SILTERRA MALAYSIA SDN. BHD.
NON DISCLOSURE AGREEMENT
- Purpose. Silterra and Vendor wish to explore a possible business opportunity of mutual interest in regard to Silterra’s business herein (hereinafter referred to as the “Relationship”) and explore the business Purpose, and the parties may disclose to one another certain confidential information in the course of such discussion and business. Parties wish to ensure that such Confidential Information (as further defined below) is protected from unauthorized use or disclosure. This Agreement is intended to allow the parties to discuss and evaluate the Relationship and Purpose while protecting each party’s Confidential Information (including Confidential Information previously disclosed to the other party) against unauthorized use or disclosure.
- Definition of Confidential Information. “Confidential Information” means any oral, written, graphic or machine‑readable information including, but not limited to, that which relates to business plans, technology, product plans, products, developments, inventions, processes, designs, drawings, formulae, markets, software (including source and object code), hardware configuration, agreements with third parties, services, customers, marketing or finances of the disclosing party, which Confidential Information is designated in writing to be confidential or proprietary or is reasonably understood to be confidential or proprietary, or if given orally, is confirmed in writing as having been disclosed as confidential or proprietary within a reasonable time (not to exceed thirty (30) days) after the oral disclosure.
- Nondisclosure of Confidential Information
(a) Silterra and Vendor each agree not to use any Confidential Information disclosed to it by the other party for its own use or for any purpose other than to carry out discussions concerning and the undertaking of the Relationship. Neither party shall disclose or permit disclosure of any Confidential Information of the other party to third parties or to employees of the party receiving Confidential Information, other than directors, officers, employees, consultants and agents who are required to have the information in order to carry out the discussions regarding the Relationship. Each party has had or will have its directors, officers, employees, consultants and agents who have access to Confidential Information of the other party sign a nondisclosure agreement in content substantially similar to this Agreement.

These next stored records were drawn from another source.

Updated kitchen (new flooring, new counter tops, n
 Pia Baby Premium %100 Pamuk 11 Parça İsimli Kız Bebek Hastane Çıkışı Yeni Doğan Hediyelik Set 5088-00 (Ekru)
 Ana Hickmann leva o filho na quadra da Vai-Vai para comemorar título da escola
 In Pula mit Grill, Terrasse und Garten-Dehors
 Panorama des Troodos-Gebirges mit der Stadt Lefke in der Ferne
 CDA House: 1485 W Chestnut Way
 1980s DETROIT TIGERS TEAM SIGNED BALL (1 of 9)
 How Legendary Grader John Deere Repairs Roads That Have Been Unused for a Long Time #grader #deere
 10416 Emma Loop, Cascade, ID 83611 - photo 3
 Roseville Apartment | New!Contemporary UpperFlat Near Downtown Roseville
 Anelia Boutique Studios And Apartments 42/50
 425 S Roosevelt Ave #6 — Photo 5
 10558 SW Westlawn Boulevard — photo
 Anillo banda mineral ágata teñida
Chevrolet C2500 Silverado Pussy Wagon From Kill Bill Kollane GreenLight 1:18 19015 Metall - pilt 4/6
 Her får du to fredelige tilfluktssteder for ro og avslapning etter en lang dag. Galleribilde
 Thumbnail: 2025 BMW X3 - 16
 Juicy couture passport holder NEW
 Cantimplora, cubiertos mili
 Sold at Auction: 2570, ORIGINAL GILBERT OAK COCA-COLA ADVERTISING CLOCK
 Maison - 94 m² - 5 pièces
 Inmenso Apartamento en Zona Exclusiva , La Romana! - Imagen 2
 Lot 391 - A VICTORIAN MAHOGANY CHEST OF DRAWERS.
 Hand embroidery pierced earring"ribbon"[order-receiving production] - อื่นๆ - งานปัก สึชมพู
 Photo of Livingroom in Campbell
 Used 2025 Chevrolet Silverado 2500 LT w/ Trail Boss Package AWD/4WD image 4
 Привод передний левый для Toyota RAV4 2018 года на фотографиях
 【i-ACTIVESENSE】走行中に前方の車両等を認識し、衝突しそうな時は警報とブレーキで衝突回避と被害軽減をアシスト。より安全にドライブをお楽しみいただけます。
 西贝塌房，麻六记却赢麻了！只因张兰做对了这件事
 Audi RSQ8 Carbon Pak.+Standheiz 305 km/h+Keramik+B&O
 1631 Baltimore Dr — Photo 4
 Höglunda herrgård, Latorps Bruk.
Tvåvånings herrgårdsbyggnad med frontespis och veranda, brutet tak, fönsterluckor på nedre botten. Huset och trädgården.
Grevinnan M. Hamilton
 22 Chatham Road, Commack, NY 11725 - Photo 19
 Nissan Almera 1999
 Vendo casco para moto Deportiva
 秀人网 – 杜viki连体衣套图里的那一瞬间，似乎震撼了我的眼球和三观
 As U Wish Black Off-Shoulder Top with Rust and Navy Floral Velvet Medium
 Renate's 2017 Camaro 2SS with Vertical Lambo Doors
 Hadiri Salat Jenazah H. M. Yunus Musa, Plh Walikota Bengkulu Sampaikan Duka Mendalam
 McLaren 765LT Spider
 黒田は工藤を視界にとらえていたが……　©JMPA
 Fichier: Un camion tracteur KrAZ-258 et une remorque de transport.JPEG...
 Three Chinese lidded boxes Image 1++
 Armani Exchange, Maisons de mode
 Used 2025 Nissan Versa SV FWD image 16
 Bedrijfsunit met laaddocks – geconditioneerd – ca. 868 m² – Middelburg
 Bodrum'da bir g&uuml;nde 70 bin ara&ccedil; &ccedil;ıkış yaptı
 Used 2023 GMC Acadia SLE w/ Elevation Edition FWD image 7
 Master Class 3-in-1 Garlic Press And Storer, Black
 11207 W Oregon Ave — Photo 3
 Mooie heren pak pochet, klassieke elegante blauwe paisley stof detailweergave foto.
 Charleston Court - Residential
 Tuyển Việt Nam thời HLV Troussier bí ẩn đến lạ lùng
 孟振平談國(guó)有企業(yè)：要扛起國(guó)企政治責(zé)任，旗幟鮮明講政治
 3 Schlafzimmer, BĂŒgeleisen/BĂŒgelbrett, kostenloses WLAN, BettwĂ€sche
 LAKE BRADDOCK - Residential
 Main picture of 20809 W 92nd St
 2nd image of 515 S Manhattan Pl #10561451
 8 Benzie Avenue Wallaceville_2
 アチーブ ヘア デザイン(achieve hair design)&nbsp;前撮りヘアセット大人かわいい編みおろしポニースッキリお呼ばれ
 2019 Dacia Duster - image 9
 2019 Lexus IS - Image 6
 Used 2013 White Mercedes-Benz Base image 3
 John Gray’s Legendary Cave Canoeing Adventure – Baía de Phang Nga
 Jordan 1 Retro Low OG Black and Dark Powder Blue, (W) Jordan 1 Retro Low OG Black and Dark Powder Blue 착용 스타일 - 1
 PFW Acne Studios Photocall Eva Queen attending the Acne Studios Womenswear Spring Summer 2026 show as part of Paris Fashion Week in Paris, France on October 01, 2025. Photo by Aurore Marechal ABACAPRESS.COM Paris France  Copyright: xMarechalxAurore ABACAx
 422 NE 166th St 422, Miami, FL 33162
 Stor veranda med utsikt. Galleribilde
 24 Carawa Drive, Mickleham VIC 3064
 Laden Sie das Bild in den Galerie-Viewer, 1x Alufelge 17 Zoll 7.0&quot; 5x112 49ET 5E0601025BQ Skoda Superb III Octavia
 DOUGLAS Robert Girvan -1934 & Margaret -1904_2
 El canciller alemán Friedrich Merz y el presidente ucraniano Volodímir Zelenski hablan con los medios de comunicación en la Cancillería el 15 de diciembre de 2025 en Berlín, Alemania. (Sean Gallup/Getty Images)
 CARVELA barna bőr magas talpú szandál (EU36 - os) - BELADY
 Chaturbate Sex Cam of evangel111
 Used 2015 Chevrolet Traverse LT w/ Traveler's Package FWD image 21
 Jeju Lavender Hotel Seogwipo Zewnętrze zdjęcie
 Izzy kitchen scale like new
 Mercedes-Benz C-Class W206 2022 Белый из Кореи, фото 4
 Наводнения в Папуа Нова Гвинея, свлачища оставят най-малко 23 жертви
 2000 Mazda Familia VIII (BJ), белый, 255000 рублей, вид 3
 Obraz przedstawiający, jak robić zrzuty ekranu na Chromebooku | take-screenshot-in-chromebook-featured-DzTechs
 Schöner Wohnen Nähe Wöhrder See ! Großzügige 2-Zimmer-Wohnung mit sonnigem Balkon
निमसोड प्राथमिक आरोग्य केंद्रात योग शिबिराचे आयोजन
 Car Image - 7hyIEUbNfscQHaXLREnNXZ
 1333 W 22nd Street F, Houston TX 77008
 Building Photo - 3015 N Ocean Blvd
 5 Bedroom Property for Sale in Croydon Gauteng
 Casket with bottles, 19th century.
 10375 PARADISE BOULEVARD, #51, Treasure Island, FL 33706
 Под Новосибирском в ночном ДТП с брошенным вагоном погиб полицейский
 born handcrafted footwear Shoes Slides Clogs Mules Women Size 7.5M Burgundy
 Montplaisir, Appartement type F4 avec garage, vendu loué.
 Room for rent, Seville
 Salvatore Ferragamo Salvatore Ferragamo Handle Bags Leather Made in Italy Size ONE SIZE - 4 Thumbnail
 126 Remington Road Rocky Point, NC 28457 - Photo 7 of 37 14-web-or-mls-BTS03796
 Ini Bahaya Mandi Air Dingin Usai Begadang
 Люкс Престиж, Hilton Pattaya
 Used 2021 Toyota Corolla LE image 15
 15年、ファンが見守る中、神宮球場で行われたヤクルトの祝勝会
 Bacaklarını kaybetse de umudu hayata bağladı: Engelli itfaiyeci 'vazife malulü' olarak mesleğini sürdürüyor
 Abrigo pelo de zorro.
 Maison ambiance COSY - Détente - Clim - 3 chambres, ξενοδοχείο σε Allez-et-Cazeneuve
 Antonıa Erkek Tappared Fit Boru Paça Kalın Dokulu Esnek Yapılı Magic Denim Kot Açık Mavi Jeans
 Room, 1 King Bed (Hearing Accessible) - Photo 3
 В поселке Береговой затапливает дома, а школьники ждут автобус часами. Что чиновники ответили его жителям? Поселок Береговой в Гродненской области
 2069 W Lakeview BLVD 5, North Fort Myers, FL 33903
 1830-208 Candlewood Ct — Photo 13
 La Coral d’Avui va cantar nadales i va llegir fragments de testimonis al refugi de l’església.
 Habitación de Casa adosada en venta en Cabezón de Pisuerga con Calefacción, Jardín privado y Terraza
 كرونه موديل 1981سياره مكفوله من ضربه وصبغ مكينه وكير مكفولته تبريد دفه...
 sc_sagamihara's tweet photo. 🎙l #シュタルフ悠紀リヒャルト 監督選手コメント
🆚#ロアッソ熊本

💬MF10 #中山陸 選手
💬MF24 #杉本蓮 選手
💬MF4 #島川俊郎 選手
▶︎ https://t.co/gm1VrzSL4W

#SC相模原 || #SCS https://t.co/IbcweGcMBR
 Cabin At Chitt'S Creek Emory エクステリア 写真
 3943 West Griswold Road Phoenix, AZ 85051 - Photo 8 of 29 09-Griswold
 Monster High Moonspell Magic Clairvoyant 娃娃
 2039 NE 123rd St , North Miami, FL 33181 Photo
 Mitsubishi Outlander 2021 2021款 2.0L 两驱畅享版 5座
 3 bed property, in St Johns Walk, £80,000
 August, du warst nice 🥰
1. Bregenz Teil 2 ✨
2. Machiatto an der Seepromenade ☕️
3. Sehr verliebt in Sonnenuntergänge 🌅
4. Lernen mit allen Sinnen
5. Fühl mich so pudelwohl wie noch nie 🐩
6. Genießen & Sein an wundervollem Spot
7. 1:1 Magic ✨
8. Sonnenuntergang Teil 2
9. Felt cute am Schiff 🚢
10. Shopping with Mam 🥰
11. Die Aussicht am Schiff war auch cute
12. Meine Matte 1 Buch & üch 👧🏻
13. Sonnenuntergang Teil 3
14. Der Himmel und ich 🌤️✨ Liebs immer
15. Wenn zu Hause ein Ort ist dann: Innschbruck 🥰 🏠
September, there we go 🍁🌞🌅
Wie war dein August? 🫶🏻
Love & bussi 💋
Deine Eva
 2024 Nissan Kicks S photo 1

Each party agrees that it shall take all reasonable measures to protect the secrecy of and avoid disclosure or use of Confidential Information of the other party or the public in order to prevent it from falling into the public domain or the possession of persons other than those persons authorized under this Agreement to have any such information. Such measures shall include, but not be limited to, the highest degree of care that the receiving party utilizes to protect its own Confidential Information of a similar nature, which shall be no less than reasonable care. Each party agrees to notify the other in writing of any actual or suspected misuse, misappropriation or unauthorized disclosure of Confidential Information of the disclosing party which may come to the receiving party’s attention.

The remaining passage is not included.